Sweet Potato and Yellow Pepper Soup (with Paul Hollywood's Crusty Bread)



Our chosen soup for today’s menu is, as usual, a moveable feast.  By that I mean that the end result is entirely in your culinary hands.

With many of our soups, the basic ingredients are very similar and today’s isn’t an exception to the bendable rules.  You will need a good sized saucepan to make the full amount, but as with the quantities of ingredients and  flavourings,  this can be adjusted according to your choices.  Likewise, if you want the soup to be vegetarian, vegan or down-right carnivorous, then the choice is entirely yours.

I find that butta gives the best flavour, but I always put some vegetable oil with it to prevent burning if the pan gets a wee bit overheated.  Put a generous chunk of butter into the pan (unless you are vegan), preferably with a thick bottom (the pan, not you) and add some vegetable oil.  Don’t turn the heat on yet, wait until you have done some preparation.

Now we can really get stuck in.  Take a large unyun (or two small ones), peel ‘em and chop ‘em then put on one side.  Do the same with three karruts and two or three sticks of selleree.  Then, the clever bit (unless you are vegetarian or vegan) chop up two rashers of lean bakun.  You can now turn on the heat and when the butta has melted, put in all the chopped veg and bakun.  Give them a good stir making each little bit is well-coated.  Put lid on, turn down the heat and leave them to sweat it out for a few minutes while you do some more prep.

Peel and chop three sweet ‘tatas – that’s SWEET ‘tatas, not your Maris Piper  or Desiree.  Then get the cores and seeds out of two yella peppas – you can use orinj peppas if you want, but never green.   When you have done that, chop them up and leave with the sweet ‘tatas.  You will also need one of those long, thin sweet peppas – Romero by name, de-seed and chop that too.  Check that the sweating is going well and not burning then put lid back on for a tad longer. 

 


You can, if you wish, roast the peppas first and remove the skin, but I think it was Delia Smith who might have said that life is too short to skin a pepper (or was is mushrooms?)

For the next bit you have various choices and the decision is entirely yours.  You will need some stock.  You can either make your own, buy it from the supermarket or use stock cubes and boiling water.  I’m going to use stock cubes, but you can do what you like:  take a stock cube, either vegetable or chikin depending on your conviction, put it in a one-pint jug and pour on boiling water to about three-quarters full.  When it has dissolved, pour it on to the sweating, softened ingredients and then add the sweet ‘tatas and peppers.  Make some more stock, about the same amount and add that.  Leave it all to simmer until the vegetables are suitably softened.  Remove the pan from the heat and liquidise the contents.  You can either do this by using a liquidiser (food processor will work if you don’t have one) or a hand-held blender.  Then add one more ingredient – garam masala; anything between a dessertspoonful to a good tablespoonful, depending on your taste.  You don’t have to add any at all if you’d rather not.  You may have noticed there is no salt in this recipe.  That isn’t because it’s a health-conscious low sodium creation, it’s because there is enough in the bacon and stock cubes.  You can always add some at the end if it isn’t salty enough for you. 

If you didn’t remove the peppa-skin, you will need to push the soup through a sieve as there will be some tiresome little un-liquidised pieces which spoil the soup, unless you don’t mind a few unwelcome slivers – I do.

Return to the heat and you now have three more choices: add milk to make is thinner, mix cornflour with some milk and add to make it thicker (keep stirring if you choose this option) or leave it as it is. 

To enhance the enjoyment of this soup, you will need some fresh, crusty bread.  The expert is, of course, Master Baker Paul Hollywood and if you choose to make your own then click here to see his fantastic recipe – he’ll even show you how to make it.
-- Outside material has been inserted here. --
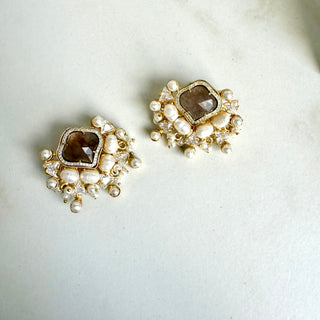Smoky Quartz & Pearl Cluster Earrings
Just click here.

Sprinkle a little Garam Masala on when you serve it (because it looks nice and tastes good too).

All you need to do now is enjoy the soup (oh and wash up or load the dishwasher)


Ingredient recap

1 – 2 ounces butter
1-2 tablespoons vegetable oil
1 large onion (or two small ones)
3 medium carrots
2 sticks of celery
2 rashers lean, unsmoked back bacon (optional)
3 sweet potatoes
2 yellow (or orange) peppers
1 Red Romero pepper
1½ pints stock (vegetable or chicken)
Approx 1 tablespoon Garam Masala

Possibly milk, cornflour.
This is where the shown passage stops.